__Data to process__:
####

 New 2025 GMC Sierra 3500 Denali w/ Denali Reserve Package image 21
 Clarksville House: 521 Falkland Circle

####

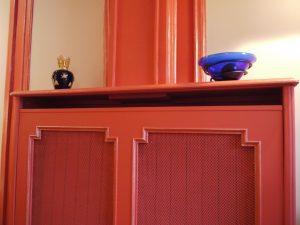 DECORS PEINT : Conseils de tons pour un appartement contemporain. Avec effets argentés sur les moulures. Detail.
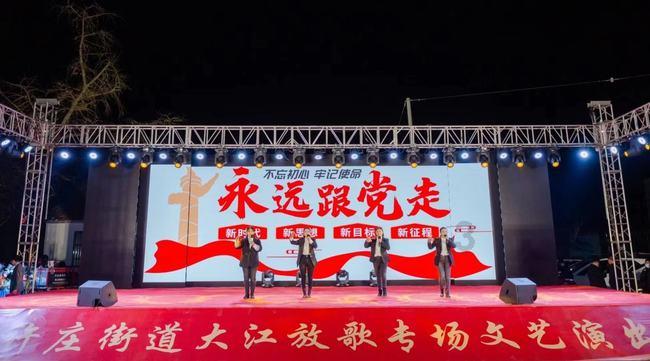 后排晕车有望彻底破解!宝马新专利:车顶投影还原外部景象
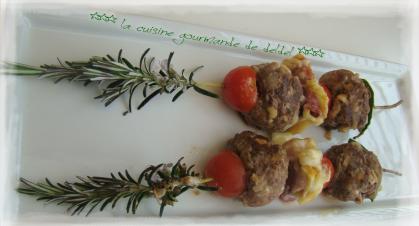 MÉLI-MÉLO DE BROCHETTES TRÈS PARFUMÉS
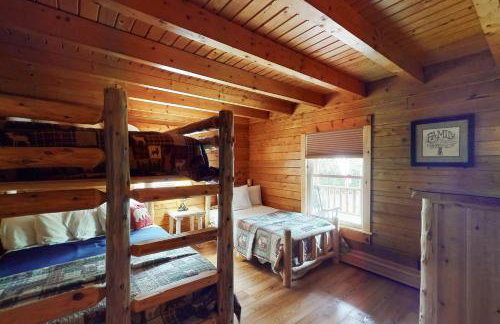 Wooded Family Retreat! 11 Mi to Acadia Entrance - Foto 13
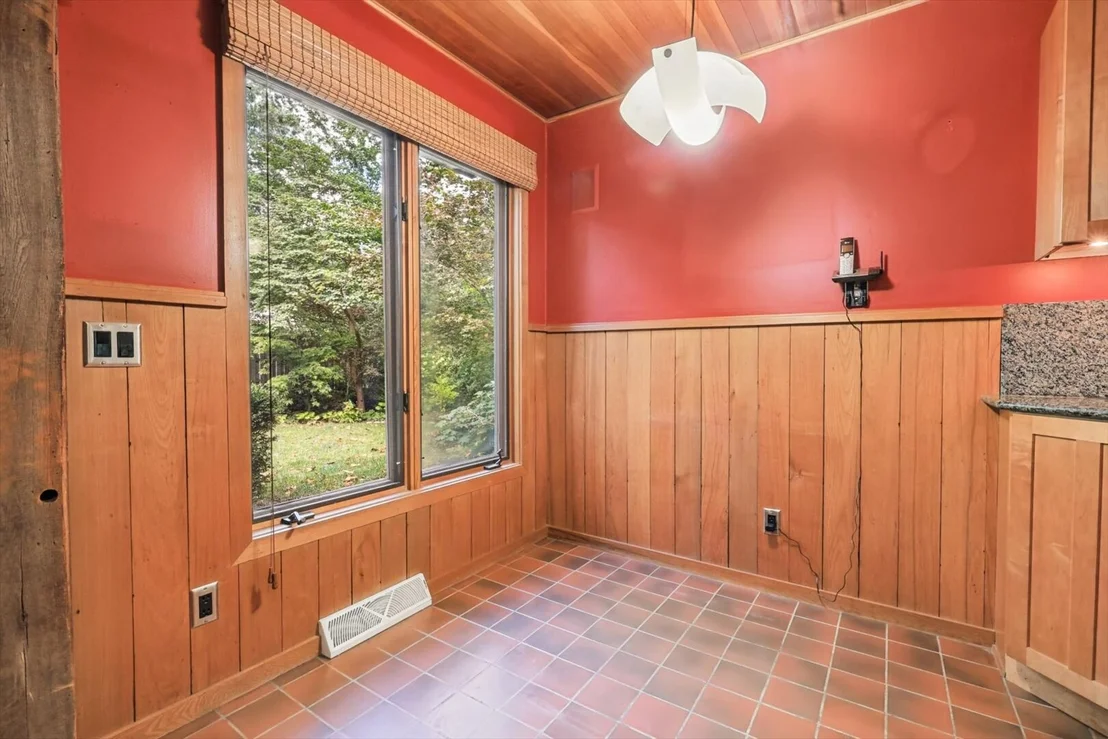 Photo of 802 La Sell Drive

####

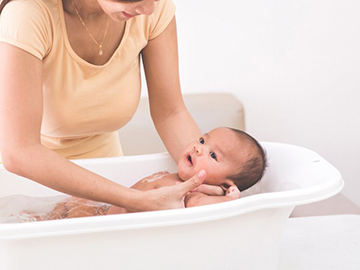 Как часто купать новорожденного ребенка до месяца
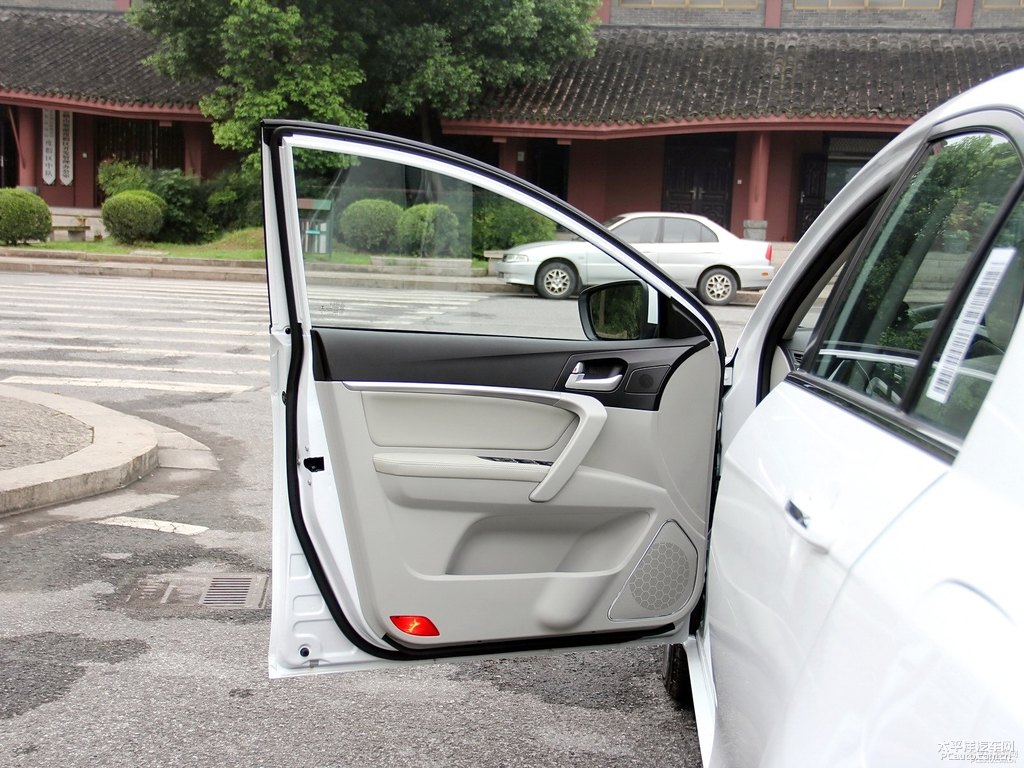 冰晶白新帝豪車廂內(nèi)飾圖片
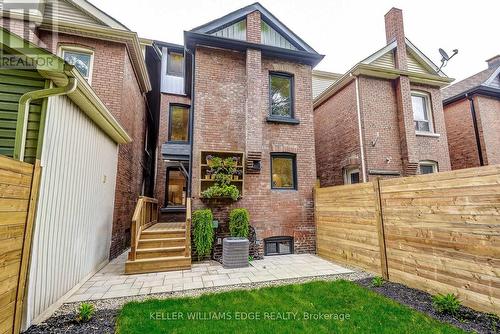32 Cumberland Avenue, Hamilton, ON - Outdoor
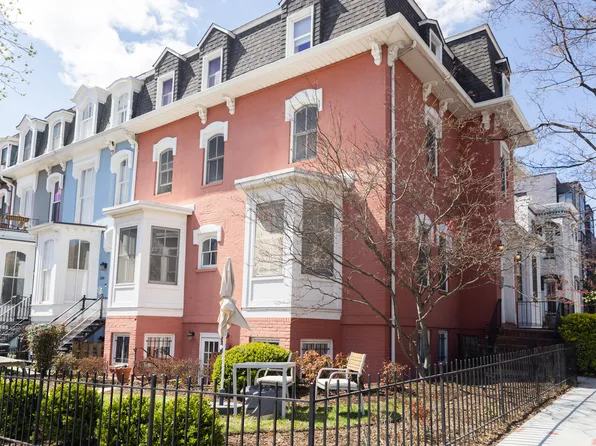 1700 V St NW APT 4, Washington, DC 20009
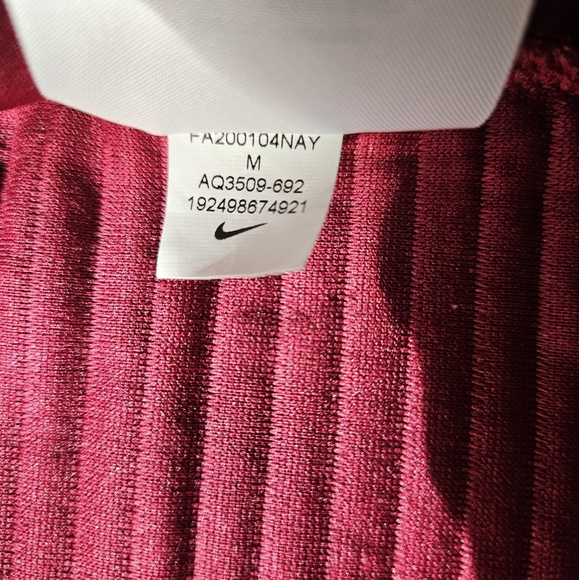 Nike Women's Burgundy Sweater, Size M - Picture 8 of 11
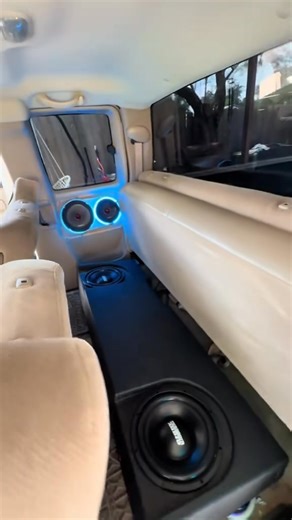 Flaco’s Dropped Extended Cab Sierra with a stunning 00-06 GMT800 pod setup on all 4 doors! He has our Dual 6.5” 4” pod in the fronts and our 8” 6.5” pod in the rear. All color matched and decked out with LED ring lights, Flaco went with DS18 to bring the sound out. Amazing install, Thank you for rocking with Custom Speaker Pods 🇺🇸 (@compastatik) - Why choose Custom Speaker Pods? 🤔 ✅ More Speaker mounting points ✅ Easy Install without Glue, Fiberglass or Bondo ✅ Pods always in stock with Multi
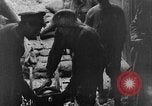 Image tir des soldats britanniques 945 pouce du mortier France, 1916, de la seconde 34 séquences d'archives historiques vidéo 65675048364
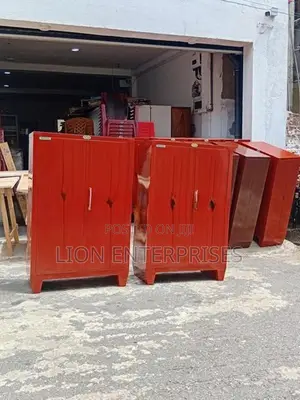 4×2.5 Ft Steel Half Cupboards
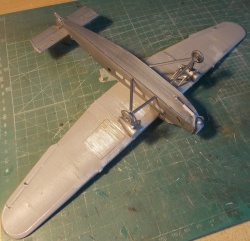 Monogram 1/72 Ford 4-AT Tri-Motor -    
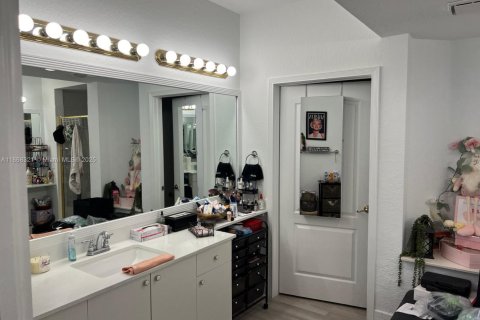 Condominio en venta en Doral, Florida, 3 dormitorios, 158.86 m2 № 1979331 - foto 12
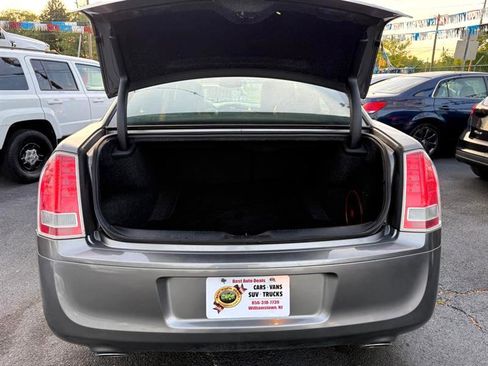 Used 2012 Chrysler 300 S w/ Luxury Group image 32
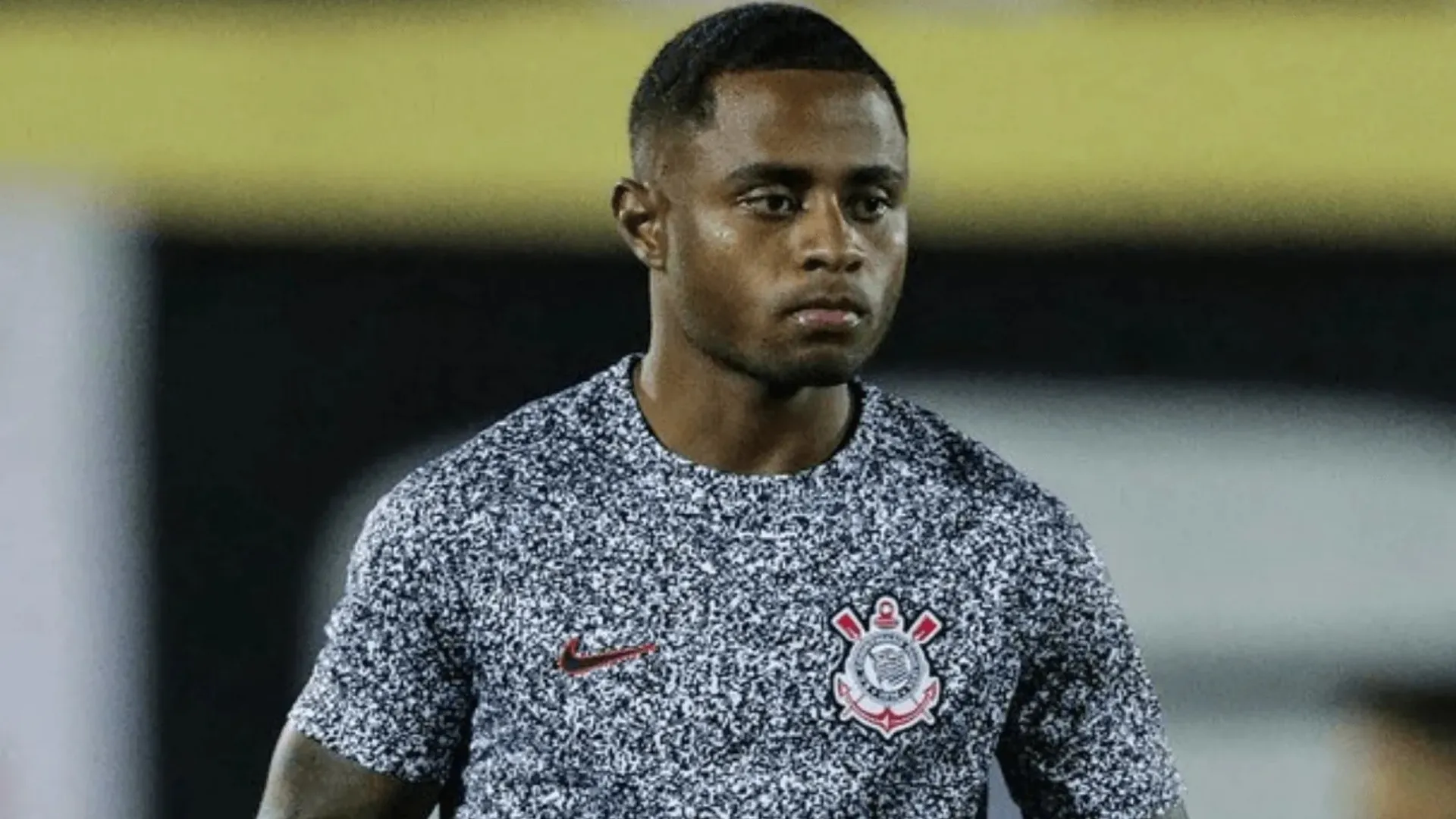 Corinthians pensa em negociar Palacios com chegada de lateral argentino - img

####

__What you need to do__:
Transcribe the lines above exactly, beginning at the one with "MÉLI-MÉLO DE BROCHETTES TRÈS PARFUMÉS" and ending at the one with "Photo of 802 La Sell Drive". Include both; exclude the pictures.

__Exercise solution__:
 MÉLI-MÉLO DE BROCHETTES TRÈS PARFUMÉS
 Wooded Family Retreat! 11 Mi to Acadia Entrance - Foto 13
 Photo of 802 La Sell Drive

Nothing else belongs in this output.